Canadian Pacific breaks grain volume records again

The railway attributes the record to its high efficiency train model and to collaboration with supply chain participants.

Canadian Pacific (NYSE: CP) hauled an all-time company record of Canadian grain and grain products in November, the company said on Dec. 2.





The railway moved 2.74 million metric tonnes (mmt), a monthly record that’s higher than the previous all-time record of 2.66 mmt in November.





The record volumes come as CP utilizes its 8,500-foot High Efficiency Product (HEP) train model that’s being used in tandem with customer investments at grain terminals. CP has said previously that it expects that more than 20% of CP’s Canadian grain volume will move using this train model by the end of the crop year in July 2020. 

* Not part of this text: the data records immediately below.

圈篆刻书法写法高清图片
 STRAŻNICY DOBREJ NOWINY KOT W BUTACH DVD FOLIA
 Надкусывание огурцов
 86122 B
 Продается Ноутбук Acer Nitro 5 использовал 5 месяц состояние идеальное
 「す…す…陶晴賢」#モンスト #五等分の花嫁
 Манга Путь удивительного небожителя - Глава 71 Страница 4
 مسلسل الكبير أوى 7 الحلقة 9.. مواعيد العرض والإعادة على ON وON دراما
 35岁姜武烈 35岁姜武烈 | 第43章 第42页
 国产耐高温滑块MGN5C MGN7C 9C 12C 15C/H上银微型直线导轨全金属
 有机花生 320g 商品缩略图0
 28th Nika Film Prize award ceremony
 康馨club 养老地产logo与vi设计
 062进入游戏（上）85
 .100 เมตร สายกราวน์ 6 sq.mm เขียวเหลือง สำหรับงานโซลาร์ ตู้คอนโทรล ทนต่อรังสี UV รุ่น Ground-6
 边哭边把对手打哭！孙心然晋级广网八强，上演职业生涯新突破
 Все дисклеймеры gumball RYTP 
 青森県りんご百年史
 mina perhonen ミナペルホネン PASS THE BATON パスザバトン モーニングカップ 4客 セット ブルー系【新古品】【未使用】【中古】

CP has also said it plans to invest C$500 million in 5,900 new high-capacity hoppers cars, with 1,900 new hopper cars already available and another 1,400 hopper cars expected by the end of 2020. The new hopper cars can load up to 10% more grain by weight and 15% more by volume when compared to the older cars that are being replaced.





“CP achieved great things last month for the Canadian grain supply chain in close collaboration with our trusted supply chain enablers,” said Joan Hardy, CP’s vice president of sales and marketing for grain and fertilizers. 





In addition to announcing its monthly grain volume record yesterday, CP also said it unloaded an all-time weekly record of grain shipments at the Port of Thunder Bay in Ontario. Terminals at Thunder Bay unloaded 2,216 railcars during the week of Nov. 18-24, beating the previous weekly record of 2,144 carloads in the fall of 2017.





CP also said it held an Alberta Agricultural Roundtable on Nov. 22 to discuss expanded capacity in the grain supply and its HEP train model. 





The roundtable, which was an effort to align participants around CP’s HEP train model, included agricultural industry representatives; senior government leaders, including Alberta ministers, the Honourable Devin Dreeshen, Minister of Agriculture and Forestry, and the Honourable Ric McIver, Minister of Transportation and Member of Parliament for Red Deer-Mountainview Earl Dreeshen; and CP representatives from the operations and sales and marketing teams, CP said.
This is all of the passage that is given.